The Next Four Years

Billy Shore

During his 2008 presidential campaign, President Obama committed to working to end childhood hunger in America. Four years later, while the economy slowly begins to recover and banks and the auto industry have come back from the brink of collapse, 16 million children are at risk of hunger.  Ensuring children in this country have the food they need to live, learn and play is critical if we are to produce a healthy, educated future workforce and keep America’s economy moving forward.

In his first 100 days of this new administration, President Obama has the opportunity to take on issues of poverty and hunger, and to lay the ground work for bold initiatives over the next four years. The inauguration address and State of the Union provide an opportunity to tell the American people why ending childhood hunger is a responsibility shared by the federal and state governments, and the public and private sectors. It is also an opportunity to draw a line in the sand against future cuts to SNAP, formerly known as food stamps – a poverty-relieving program that helps 46 million Americans put food on the table for their children.

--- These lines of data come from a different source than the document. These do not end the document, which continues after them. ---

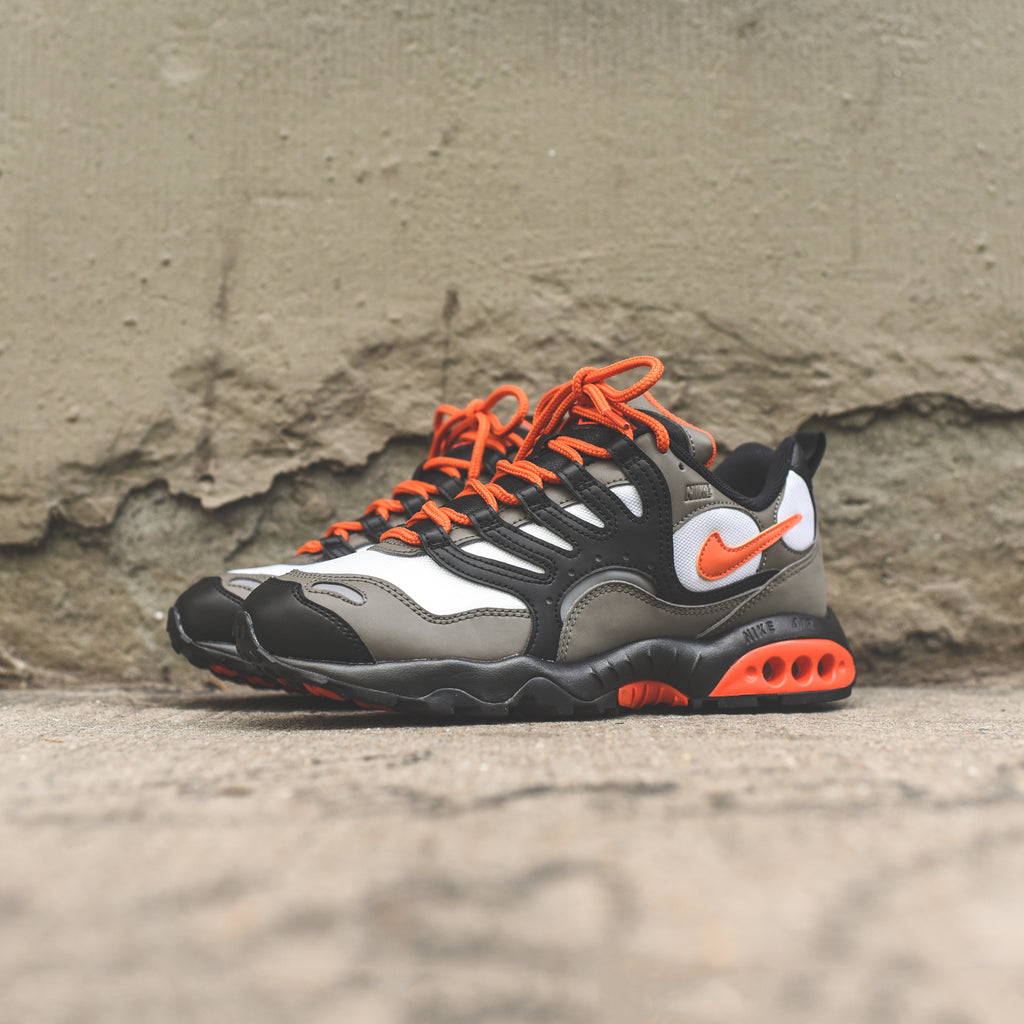 nike air terra humara orange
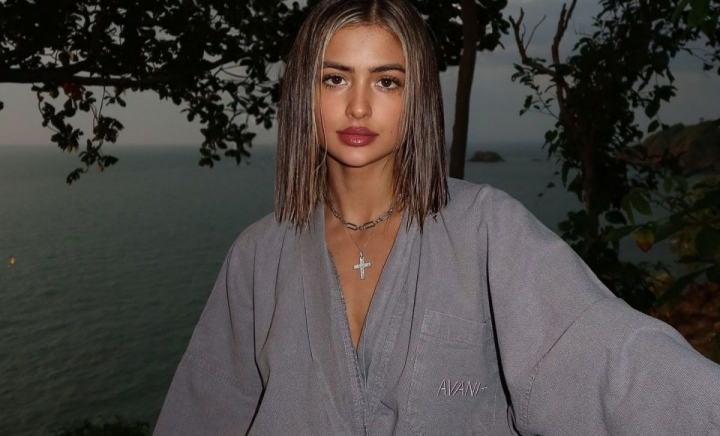 Iuliana Beregoi - în rochie de mireasă! În ajun de Ziua Îndrăgostiților, interpreta și-a surprins fanii cu anunțul său - VIDEO Iuliana Beregoi - în rochie de mireasă! În ajun de Ziua Îndrăgostiților, interpreta și-a surprins fanii cu anunțul său - VIDEO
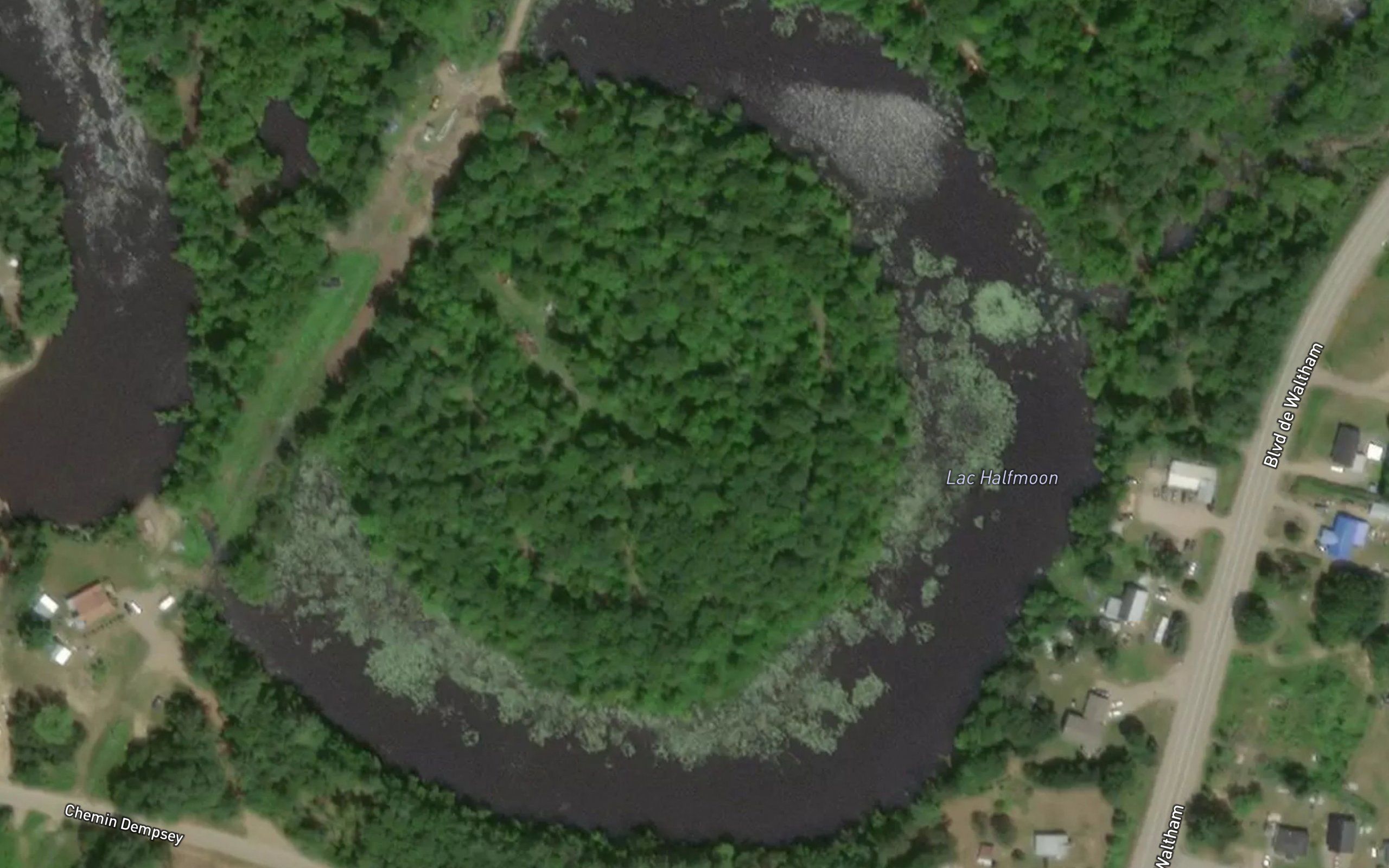 Lac Halfmoon
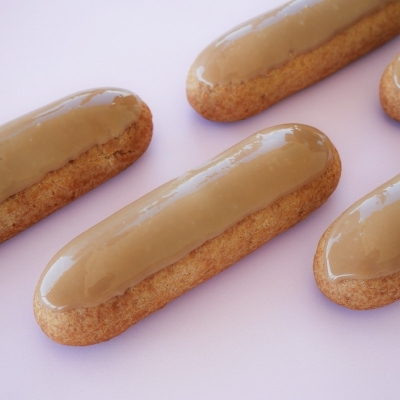 Éclair au café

The next four years provide a historic opportunity to end childhood hunger in America. We have the systems in place through federal nutrition programs, including school breakfast and school lunch programs, to achieve this goal, but the task will demand leadership from all quarters.  The No Kid Hungry campaign represents the essence of the kind of bipartisanship effort President Obama will need if he is to be successful in a still politically divided nation: public-private partnerships, driven by state leaders, with measurable and tangible outcomes. The No Kid Hungry campaign has brought together Republican Governors Bob McDonnell (VA) and Nathan Deal (GA) and Democratic Governors like Martin O’Malley (MD) and Mike Beebe (AR). We work with large corporations, passionate non-profits, teachers, chefs and parents who share our goal of a No Kid Hungry nation.

Immediately after his election in 2008, President Obama directed his Administration to respond to the looming financial crisis by aiding banks, the auto industry, and others in the private sector. His reelection is an opportunity to now focus that support on Americans living in poverty. One in five of our nation’s children is at risk of hunger, and can wait no longer for the government at the federal and state level to do their part.